Escalation Engineer
You have the opportunity to make a global impact on your daily work. To be part of a close-knit and supportive team that advocates for the best customer experience.
About Us
The Escalation and Event Management (E2M) team, part of Amazon Web Services (AWS) Support organization, is dedicated to managing critical escalations, customer-facing communications, and handling large-scale customer-impacting events.
E2M's purpose is to drive operational excellence and improvements to the overall customer support experience.
Amazon has built a reputation for excellence with a mission to be the earth's most customer-centric company.
AWS continues in that tradition, leading the world in cloud technologies.
About You
E2M is looking for people who are detailed, analytical thinkers as well as creative problem solvers.

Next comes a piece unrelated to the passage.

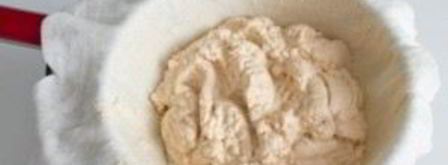 творог из топленого молока. Шаг 6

You confidently act as an advocate on behalf of AWS customers, maintaining composure and leadership in some very dynamic and high-pressure situations.
You are excited about owning critical infrastructure services that serve global customers, 24x7 and relish the opportunity to work on technical initiatives that drive continuous improvement in the support experience of those customers.
All this while collaborating with some of the smartest people in the industry
About The Role
As part of the E2M 'Event Management' team, we work to identify widespread and/or systemic customer-facing problems for Amazon Web Services.
We are responsible for monitoring internal tools to identify customer-impacting issues.
When an issue is identified, we ensure the appropriate business and technology leaders, and their teams, are engaged to drive the restoration of disrupted AWS services and act as an advocate of the customer to both report on and manage the customer experience.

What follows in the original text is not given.